The Employment Conditions Commission (ECC), a body that advises Labour Minister on farmworkers' minimum wage determination is to meet on Thursday (January 24), in a decisive meeting to consider the inputs collated from nationwide farmworkers public hearings, which will be used to set a new minimum wage determination.
Department of Labour's (DoL) Acting Director of Labour Standards, Titus Mtsweni, said following the conclusion of week-long 'special' farmworkers public hearings at the weekend - in the epicentre of the industrial action in Western Cape - after this week's meeting a report would be submitted to Labour Minister Mildred Oliphant, who would consider the recommendations of the ECC.
Mtsweni said barring any unexpected eventualities the Minister was expected to pronounce on the new minimum wage determination early in February. He said once the Minister had pronounced on the new determination, the new wage adjustments would be gazetted in the Government Gazette on the following day to effect a legislative stamp of approval.
The ECC is an advisory body composed of government representatives, labour unions, and employers.
The body advises Labour Minister on wages and other conditions of employment in the vulnerable sectors including agriculture/farming sector.
The Department of Labour sealed week-long public hearings on Sunday (January 20) in Vredendal, Western Cape. Similar public hearings to consider a new minimum wage determination were also held last week in the Paarl, De Doorns, Robertson and Oudshoorn regions.
The extra Western Cape public hearings were a continuation of a consultative process that was initiated by DoL last year following the bitter farmworkers' industrial action. In November and December the department embarked on a nationwide public hearing campaign in areas such as Worcester, Western Cape; Boston, KwaZulu-Natal; Makhado, Limpopo; Ottosdal, North West; Bothaville, Free State; Keimoes, Northern Cape and KwaMhlushwa in Mpumalanga.
Mtsweni said he expects the ECC meeting to be an intensive affair in considering all inputs gathered from all vested parties.

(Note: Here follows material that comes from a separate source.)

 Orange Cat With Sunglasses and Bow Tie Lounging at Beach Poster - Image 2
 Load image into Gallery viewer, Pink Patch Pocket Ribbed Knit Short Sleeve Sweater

The meeting of ECC will consider matters relating to issues of the new minimum wage; current status of the farming/agriculture sector, different submissions made by stakeholders and conclude with recommendations.
The process currently underway was trigged last year when farmworkers in De Doorns embarked on a strike to have their minimum R69 daily wage increased to R150. The strike was called off on December 4 and it resumed early in the year.
A common theme that emerged in the public hearings from farmworkers and their representative organisations was that workers were being paid "slave wage" and need a "living wage".
On their part, farmers argue that they cannot afford high wages as they are battling to keep their business in the black amid intense competition from highly subsidised imported farm produce, which they say would force them to resort to machinery to replace human capital.
The current minimum wage sectoral determination is binding until the end of February. The new minimum wage stipulation will come into effect on March 1 in terms of Basic Conditions of Employment Act (BCEA).